------ RECORD EXTRACTS ------

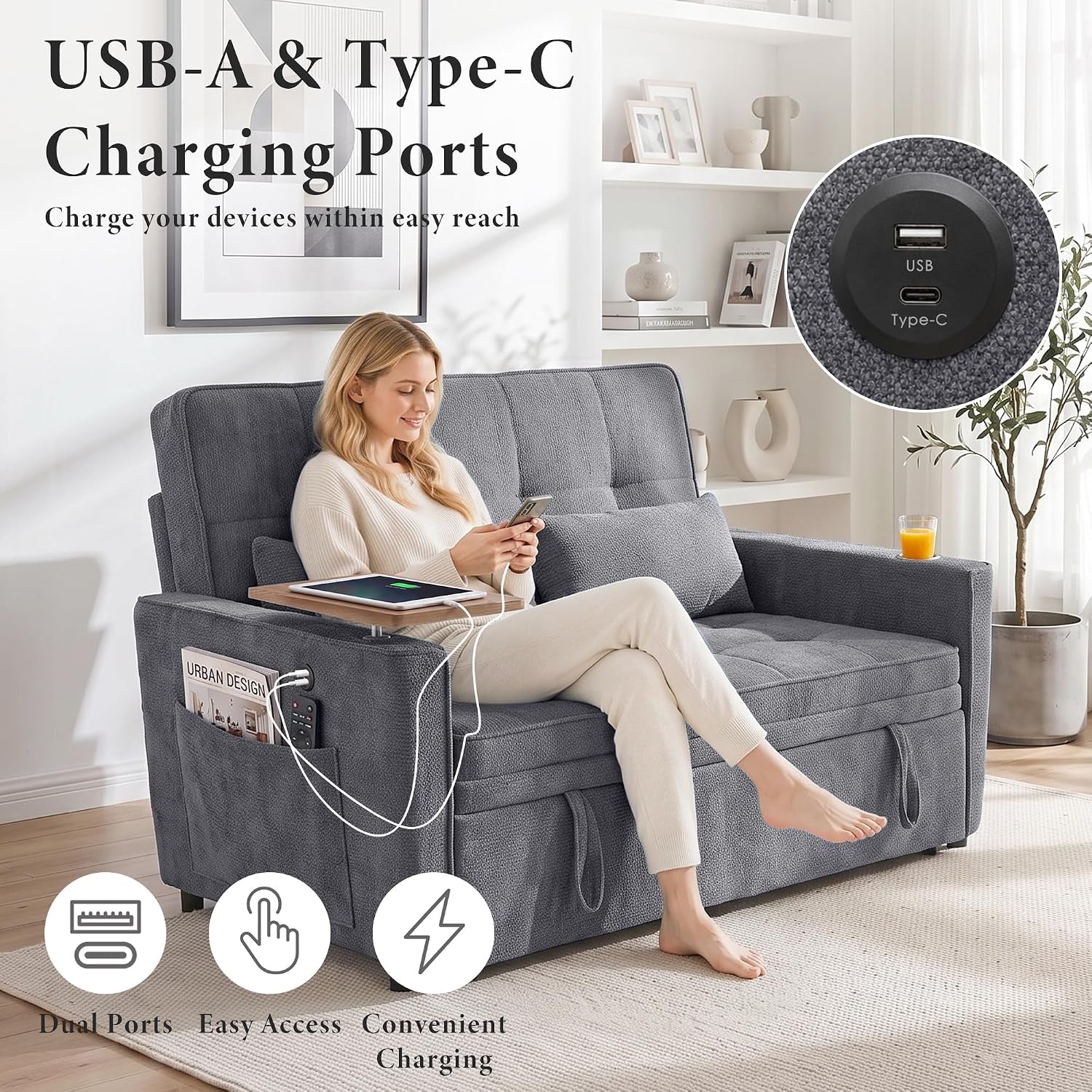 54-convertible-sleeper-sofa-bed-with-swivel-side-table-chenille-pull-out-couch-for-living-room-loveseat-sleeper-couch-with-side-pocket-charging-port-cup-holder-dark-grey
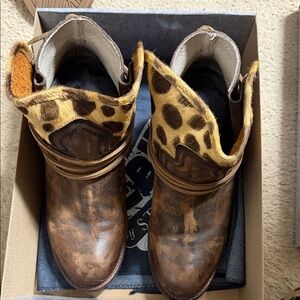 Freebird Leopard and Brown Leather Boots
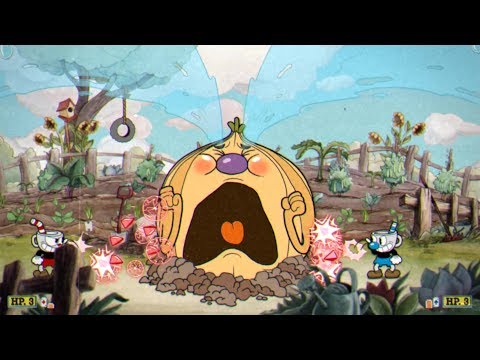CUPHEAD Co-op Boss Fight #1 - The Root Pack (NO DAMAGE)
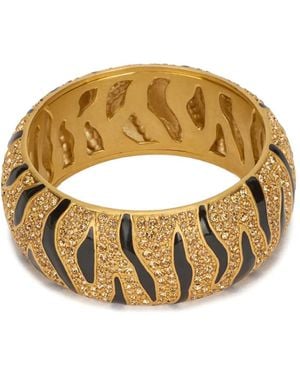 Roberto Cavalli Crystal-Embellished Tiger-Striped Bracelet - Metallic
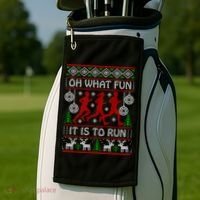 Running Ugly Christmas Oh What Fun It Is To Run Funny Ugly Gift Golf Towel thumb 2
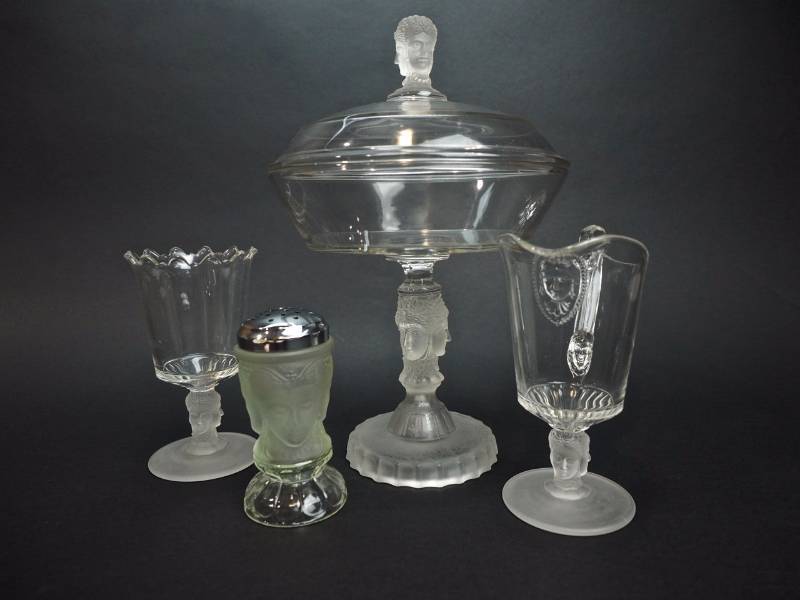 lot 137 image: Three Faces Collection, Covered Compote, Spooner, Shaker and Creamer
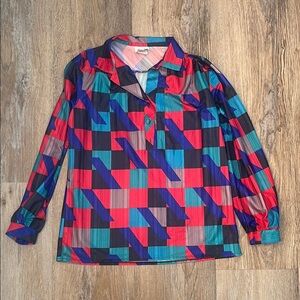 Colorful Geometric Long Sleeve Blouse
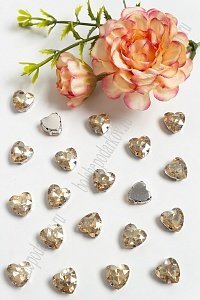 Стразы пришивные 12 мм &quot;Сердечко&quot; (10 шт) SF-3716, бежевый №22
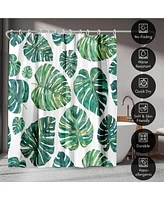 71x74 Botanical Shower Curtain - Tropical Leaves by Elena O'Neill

------
------ RECORD EXTRACTS ------

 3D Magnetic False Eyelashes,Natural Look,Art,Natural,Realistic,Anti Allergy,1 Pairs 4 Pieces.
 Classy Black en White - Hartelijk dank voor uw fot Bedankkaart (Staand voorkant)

------

**WHAT IS NEEDED**
Starting at the line above with "Running Ugly Christmas", output every line exactly up to and including the line with "71x74 Botanical Shower", but none of the pictures.

**RESULT FOR THIS TASK**
 Running Ugly Christmas Oh What Fun It Is To Run Funny Ugly Gift Golf Towel thumb 2
 lot 137 image: Three Faces Collection, Covered Compote, Spooner, Shaker and Creamer
 Colorful Geometric Long Sleeve Blouse
 Стразы пришивные 12 мм &quot;Сердечко&quot; (10 шт) SF-3716, бежевый №22
 71x74 Botanical Shower Curtain - Tropical Leaves by Elena O'Neill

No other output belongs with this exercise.